_What is being asked_: Leave out any picture and return the remaining listing below exactly as given.

►

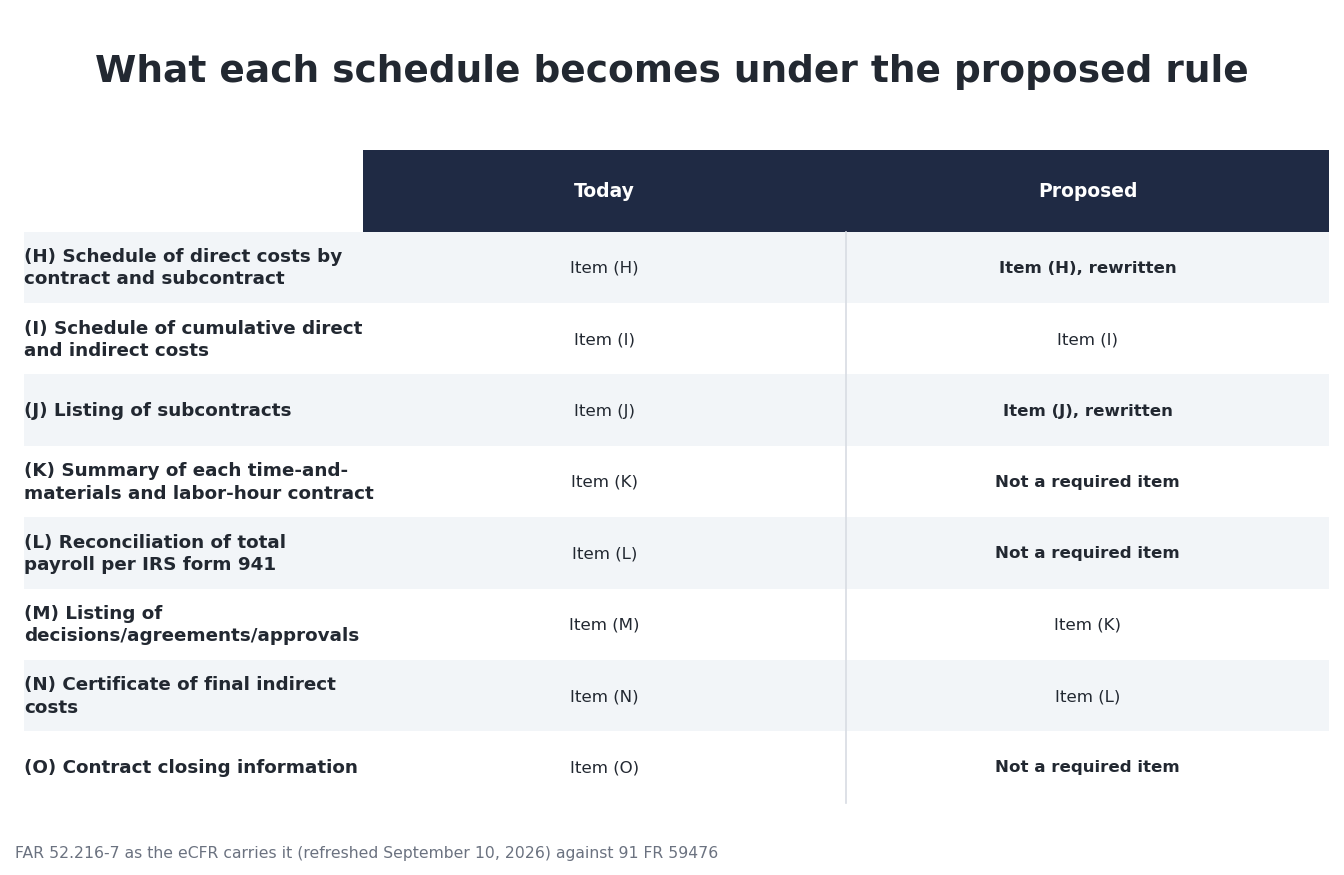 A two column table of schedules H through O showing that three stop being required items, two are rewritten, and two keep their requirement under a new letter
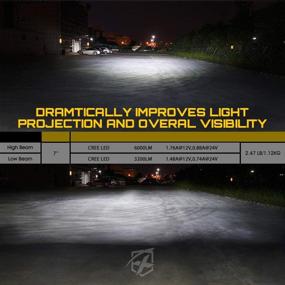 img 1 attached to Фары Xprite 7 дюймов CREE LED для Jeep Wrangler JK/LJ/CJ/TJ & Hummer H1/H2, круглые фары с Halo DRL, сертифицировано по стандарту DOT.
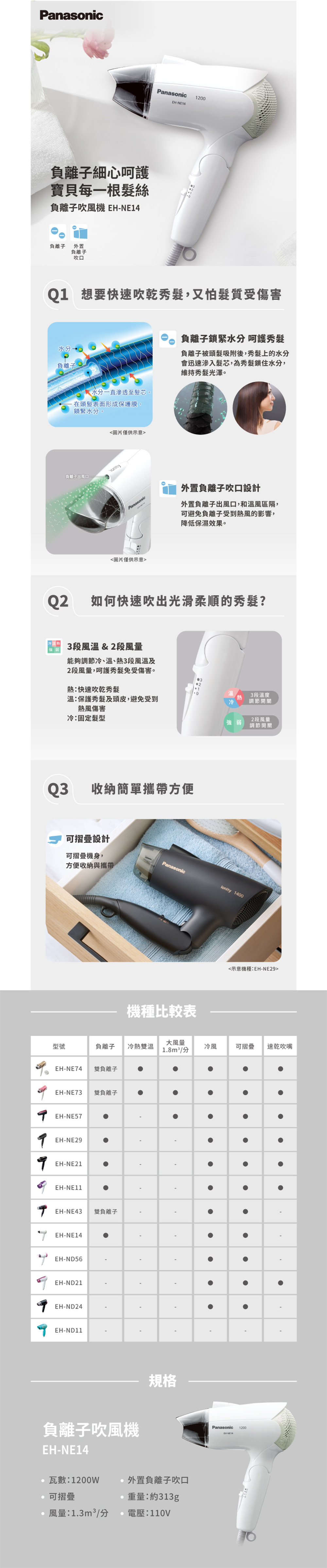 吹風機 負離子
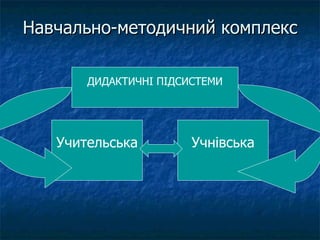 Навчально-методичний комплекс ДИДАКТИЧНІ ПІДСИСТЕМИ Учительська Учнівська 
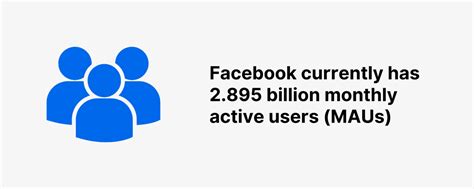 How Many People Use Facebook In 2022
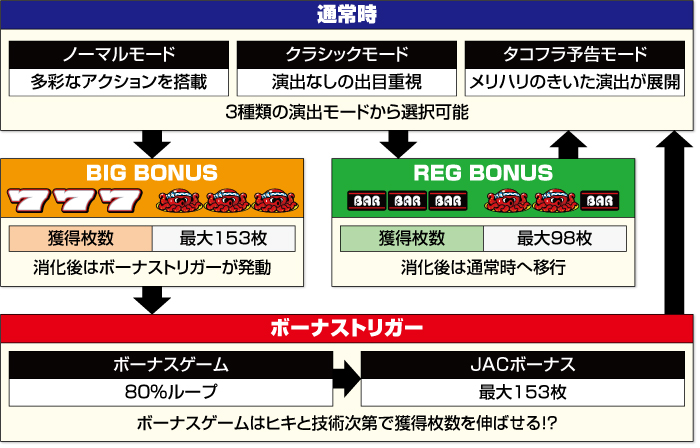 スマスロ タコスロ ゲームフロー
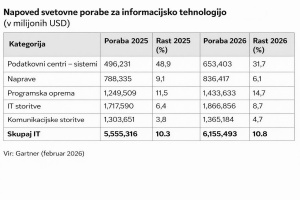 Investicije 2026: Umetna inteligenca postaja hrbtenica svetovnega gospodarstva
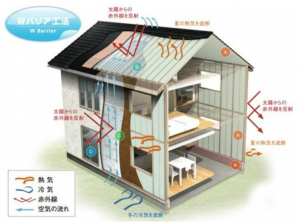 真岡市熊倉町、中古一戸建ての設備画像です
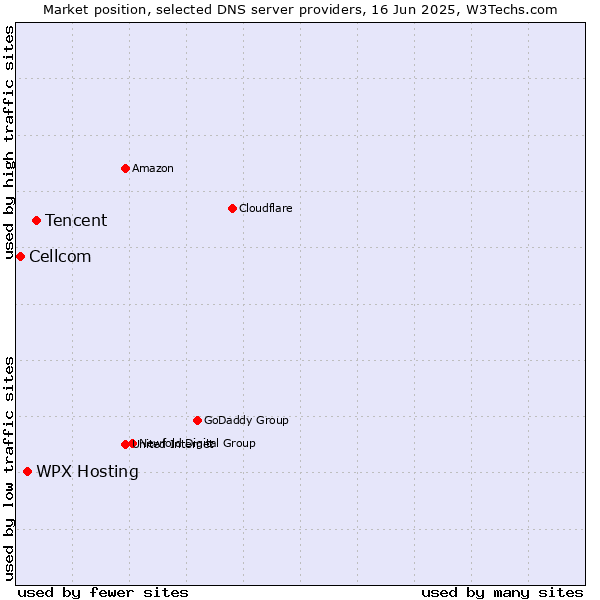 Market position of Tencent vs. WPX Hosting vs. Cellcom
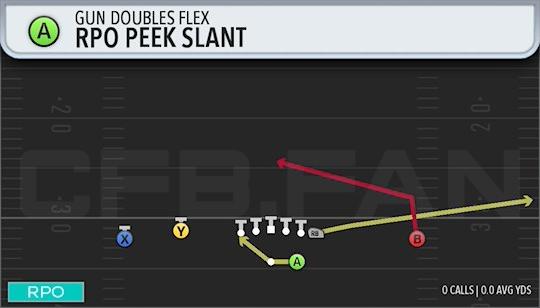 RPO PEEK SLANT
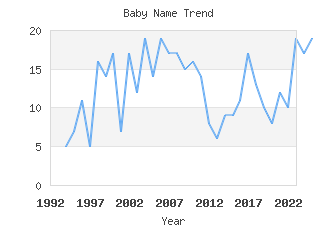 Baby Name Popularity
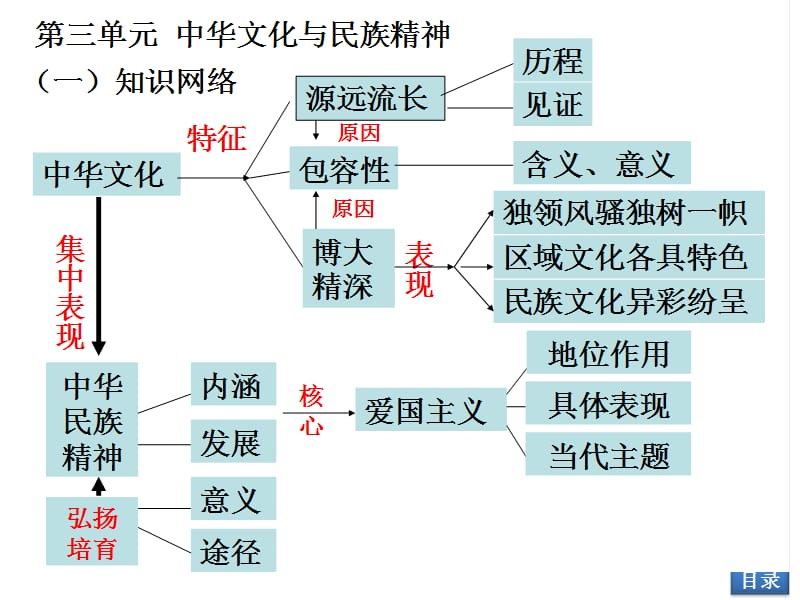 2014届高三一轮复习我们的中华文化(精).ppt_第3页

◄

_Written answer_:
 A two column table of schedules H through O showing that three stop being required items, two are rewritten, and two keep their requirement under a new letter
 img 1 attached to Фары Xprite 7 дюймов CREE LED для Jeep Wrangler JK/LJ/CJ/TJ & Hummer H1/H2, круглые фары с Halo DRL, сертифицировано по стандарту DOT.
 吹風機 負離子
 Навчально-методичний комплекс ДИДАКТИЧНІ ПІДСИСТЕМИ Учительська Учнівська 
 How Many People Use Facebook In 2022
 スマスロ タコスロ ゲームフロー
 Investicije 2026: Umetna inteligenca postaja hrbtenica svetovnega gospodarstva
 真岡市熊倉町、中古一戸建ての設備画像です
 Market position of Tencent vs. WPX Hosting vs. Cellcom
 RPO PEEK SLANT
 Baby Name Popularity
 2014届高三一轮复习我们的中华文化(精).ppt_第3页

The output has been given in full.